▸ Records provided:
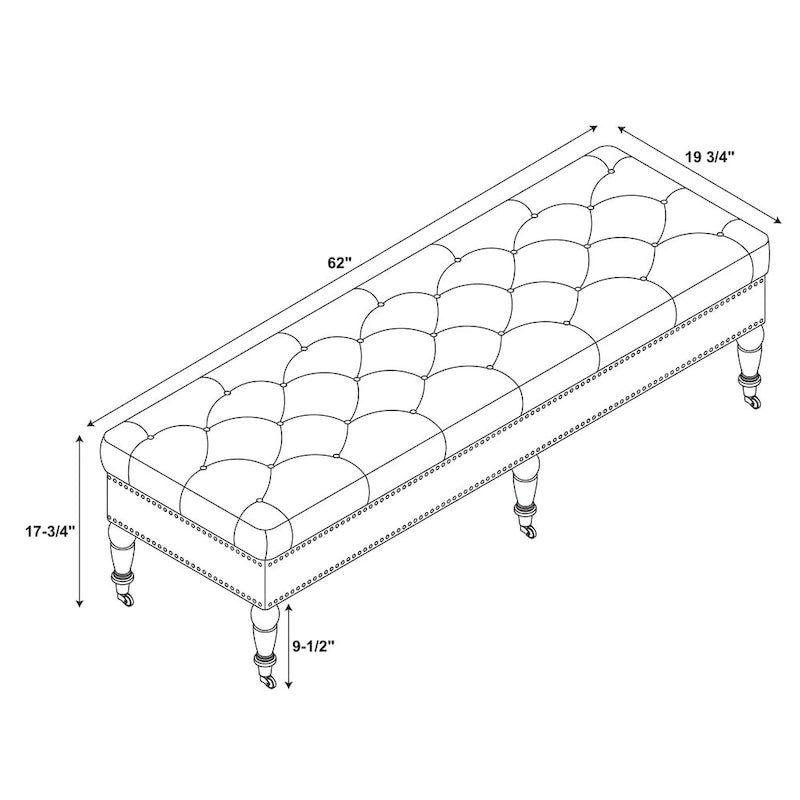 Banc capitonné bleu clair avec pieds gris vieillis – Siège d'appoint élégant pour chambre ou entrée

* * *

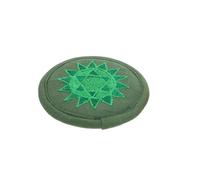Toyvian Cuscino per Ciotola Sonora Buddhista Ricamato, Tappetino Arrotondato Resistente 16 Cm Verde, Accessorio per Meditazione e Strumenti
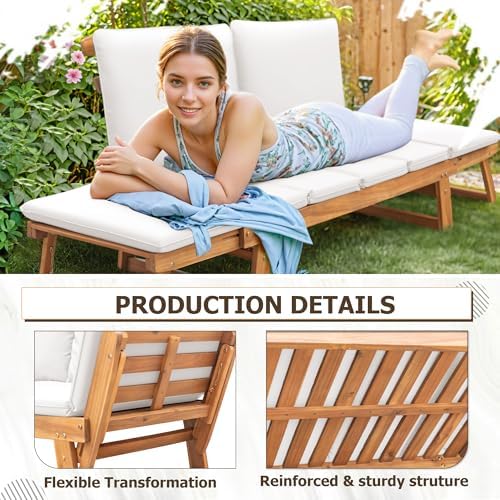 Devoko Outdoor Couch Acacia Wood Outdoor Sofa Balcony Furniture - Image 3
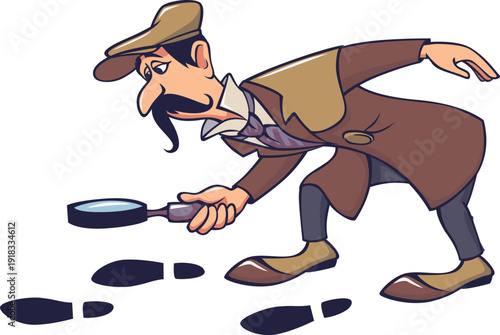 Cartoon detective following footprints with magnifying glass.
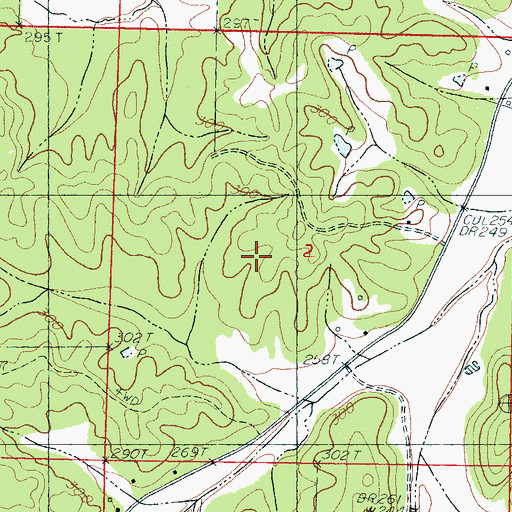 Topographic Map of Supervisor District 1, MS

▸ To do:
Copy the lines above exactly, starting at the one with "Cartoon detective following" and ending at the one with "Topographic Map of Supervisor District 1, MS", both included. Leave out any pictures and add nothing else.

▸ Response box:
 Cartoon detective following footprints with magnifying glass.
 Topographic Map of Supervisor District 1, MS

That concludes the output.